Left to right: Bob Miklos, Sam Batchelor, Scott Slarsky, Anne-Sophie Divenyi, Mary Ann Holliday, Ben Youtz, Katarina Edlund, Becky Hutchinson, Kelly Ard
Credit: Joe Pugliese
Considering the economy’s dire state, that any firms experienced upward mobility may come as a surprise. But Boston’s DesignLAB picked up sizable projects, hired new staff—and rocketed up to 21st place in the Architect 50, up from 114th last year. And at a fledgling five years old, DesignLAB is just getting started.
The firm’s design for the International Fund for Animal Welfare (IFAW) headquarters, completed in 2008 on Cape Cod in Massachusetts, explains some of this momentum. According to partner Scott Slarsky, “IFAW is a typical DesignLAB project—it began with an idea or attitude about the landscape as much as the architecture.” Collaborating closely with landscape architect Steven Stimson, the group positioned buildings around a restored landscape, mindful of existing site conditions and regional precedents. The project won an AIA Honor Award for Interior Architecture and an AIA/COTE Top Ten Green Projects Award last year.
“How does sustainability manifest itself at IFAW?” asks partner Bob Miklos, who previously worked at Ann Beha Architects, Schwartz/Silver Architects, and Machado and Silvetti Associates (where he was the first paid employee). “Not at all—it’s completely integrated into the design.” Slarsky adds, “We are entirely committed to sustainability, but to us, it’s about understanding the environmental context.” That sort of research-intensive approach defines the firm’s ethos (and explains its name). “Research and analysis is how we approach our work,” explains Slarsky, a former Ann Beha and Sasaki Associates staffer.
DesignLAB’s success isn’t simply a function of design methods, though. Miklos has a knack for business—“He’s the consummate entrepreneur,” says Slarsky—and he fashioned the firm as a horizontal business model, to maximize design innovation but also profitability.
The 10- to 12-person team has no full-time administrative or marketing personnel on staff. Instead, such tasks are distributed across the firm. “We’re nimble enough to deal with challenges,” explains partner Sam Batchelor. “Everyone can quickly pivot into a different role. We work [on] four to six large projects [at a time], which enables us to do fewer of them, and which brings down the threshold of management.”
This approach keeps the firm lean but profitable. “Last year, we brought in $90 million of construction—pretty astounding for 10 to 12 people,” says Miklos. “Our overhead model is so small, it allows us to spend more time on projects,” he says. “Last year, our gross revenue was up 85 percent, and our profit up 45 percent.” Miklos was the firm’s sole owner until this April, when Slarsky and Batchelor were elevated to ownership partners.
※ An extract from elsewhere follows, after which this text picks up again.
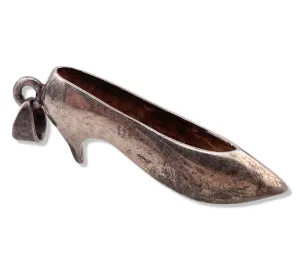sterling silver kitten heel shoe pendant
The partners credit the firm’s design process—“unpredictable, but never chaotic,” says Miklos—for much of their success. Likening the firm to a jazz ensemble, the partners work to find the best emerging talent, then allow the team members to forge an improvised, organic relationship with one another. The hope is that everyone, from the partners to the most recent hire, designs with equal stakes in the project, and feels free to develop and critique ideas.